Der Morgen danach: Bill muss sich erstmal mit seinem Frühstück beschäftigen: »Früchte, Müsli, Joghurt, Roggenbrot« (Bild). Dann gibt's vorerst nichts zu essen. Aber keine Sorge, für den kleinen Hunger zwischendurch ist gesorgt, indem man ein paar Leckereien bereitgelegt hat: »Apple-Pie, Apple-Quiche, Apfelkompott« (Bild). In Aachen »lächelt der Herr des Weißen Hauses« (Berliner Kurier) kurz, und schon geht's wieder zurück in die Hauptstadt.

Und beim »Vier-Gänge-Menü« (Berliner Kurier) am Abend, soviel steht fest, kann man ja wieder zuschlagen. Denn auf der Party im Schloß Charlottenburg »wird geschlemmt« (Berliner Kurier). Reichlich fließt auch der »Riesling-Sekt« (Berliner Kurier). Allein das Essen dauert rund drei Stunden« (Berliner Zeitung).

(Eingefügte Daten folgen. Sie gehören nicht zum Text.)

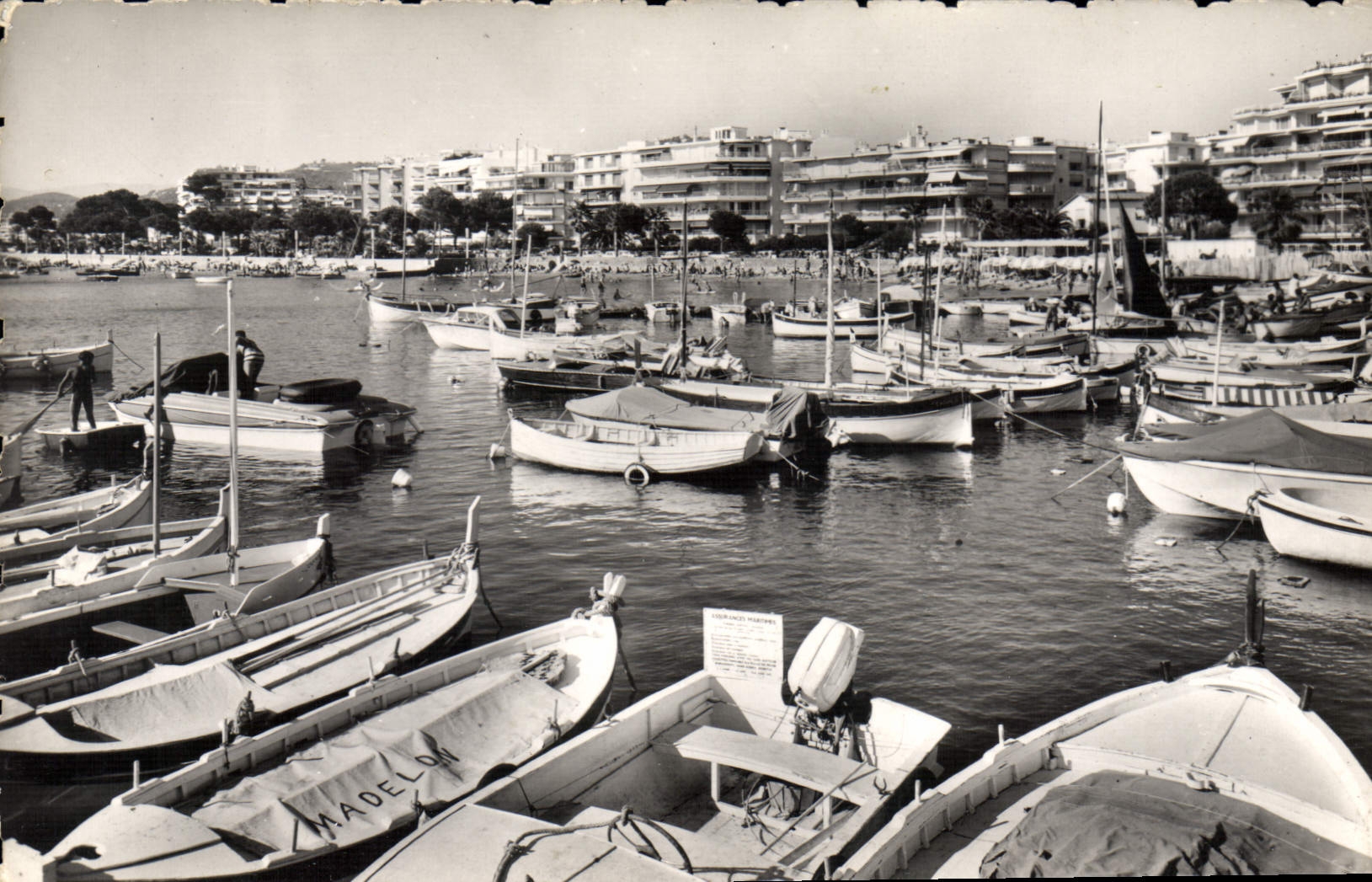 CPA Cannes Le Nouveau Port Du Palm Beach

Voller Bauch debattiert nicht gern. Deshalb geht die Arbeit erst am folgenden Tag los: »Modernes Regieren im 21. Jahrhundert« heißt heuer die Reklameveranstaltung für den Neoliberalismus. Das bedeutet »drei Stunden harter Arbeit« (Schröder).

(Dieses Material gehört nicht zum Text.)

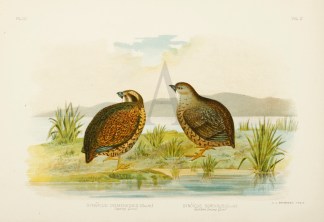 Synoicus Diemenensis. Swamp Quail. Synoi… Australian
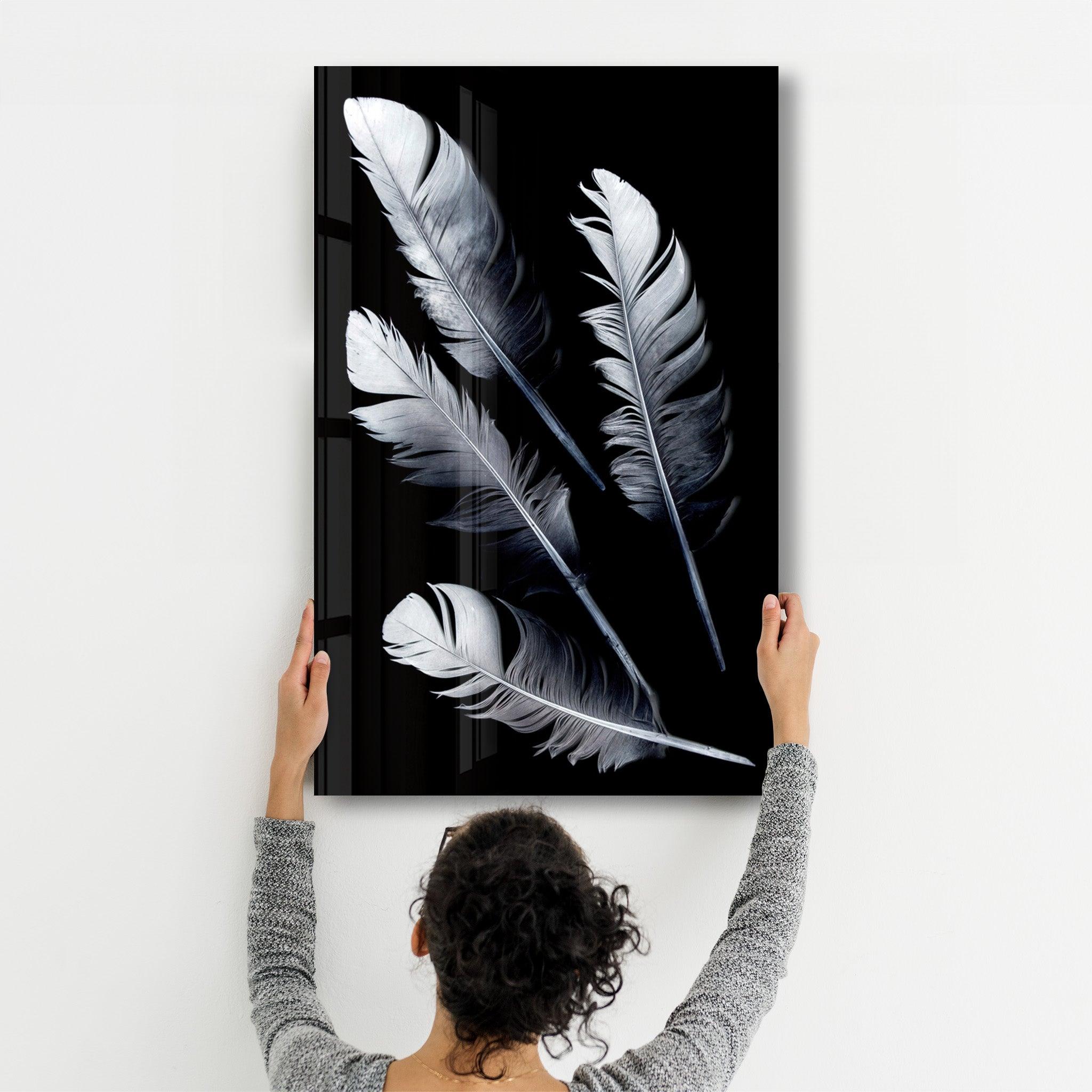 White Feathers | Glass Wall Art - Artdesigna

Es geht um Modernisierung, Fortschritt, New Economy, Zivilgesellschaft, Effektivität, Visionen, Innovation usw. Man kennt das ja. Aber auf die Verpackung kommt es an. Zum Schluss wieder Lachen und Händeschütteln. Beim abschließenden »gemeinsamen Mittagessen« (Tagesspiegel), bei dem man nochmal richtig zulangen kann, knallen dann wieder die Korken.

Zugegeben: Man weiß nicht alles, was zwischen Schröder und Clinton geschah. Eines aber wissen wir mit Sicherheit. Ihre Krawatten waren beide blauweiß: »Clinton kariert, Schröder gestreift« (Tagesspiegel).